The liver is in a class of its own. It does not feel the need to replace itself at such a rapid rate, but still retains the capacity to do so if and when the need arises. When a surgeon removes a lobe from the liver due to a tumour or for whatever other reason, the remaining liver bursts into activity, its cells start dividing, and within several weeks, a new liver is produced, capable of functioning in precisely the same way as before.

What is so wonderful about this whole process is that the body knows precisely the amount of tissue it requires. It produces exactly the required amount, neither more nor less. The regenerating liver does not keep on growing indefinitely but stops as soon as the original size is reached.

If you are inclined to think that this is a curious but irrelevant biological detail, just bear in mind that this is precisely the distinction between normal tissue and cancer: the latter has lost this capacity of being inhibited by the normal bodily mechanisms.

On the other hand, there are organs which seem to have lost their capacity for self-replacement – or at least this is what medical scientists used to think for a long time. Such organs include the brain and the heart.

In the case of the brain cells (neurones), it has long been thought that once lost (through old age, trauma, reduced blood supply, and so forth), they can never come back, and the loss of neural function is permanent. We have become wiser now: we know that the brain retains its ‘plasticity’ and still has a considerable reserve of function that can be directed and developed according to needs.

The heart is another such organ. It used to be thought that the heart muscle can never reproduce new muscle cells, and once damage has occurred (after, for example, a heart attack), the muscle is replaced by scar tissue which is permanent and nothing can be done to improve the situation.

This fatalistic approach to common disorders is slowly changing. The heart also changes itself, albeit slowly, at the rate of about one per cent per year, so that by the age of 80 or so, the vast majority of the muscle cells have been replaced.

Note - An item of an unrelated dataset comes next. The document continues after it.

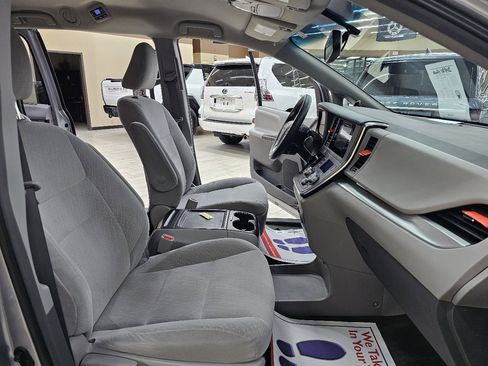 Used 2015 Toyota Sienna LE image 19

For several years now, stem cells – cells which still have a capacity to reproduce themselves – have been harvested from bone marrow or foetal tissues and coaxed into transforming into cells which can replace damaged tissue. While this technique is still largely experimental, enormous progress has been made, and many patients are currently leading a more productive life through the use of such techniques.

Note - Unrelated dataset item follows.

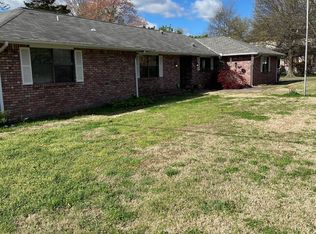 303 3rd Ave NW, Miami, OK 74354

Currently a lot of research effort is being directed into producing whole organs, such as kidneys and hearts, from stem cells which are made to grow on a connective tissue skeleton which will eventually be made available for transplantation.

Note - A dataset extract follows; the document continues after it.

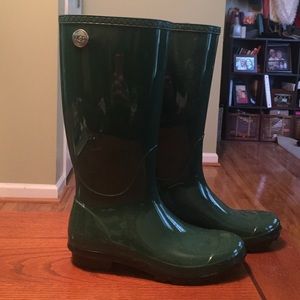 Hunter Green Ugg Rain Boots- Brand New in Box!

Curiously, stem cells have recently been harvested from the heart itself – an organ long thought to be devoid of such cells. Several experimenters have shown that muscle tissue taken from hearts of patients who suffered a heart attack contains specific stem cells which can be made to multiply in the laboratory. When these cells were transferred back into the heart by injection into the coronary arteries, a definite beneficial effect was achieved, with reduction in the scar tissue, and increased function of the heart.

There is one danger in all this – that of assuming that such a procedure is a panacea for all and every disorder under the sun. It requires years of experience to achieve what has been achieved. The efficacy of any new medical procedure has to be tested extensively and only controlled trials can detect small, beneficial effects.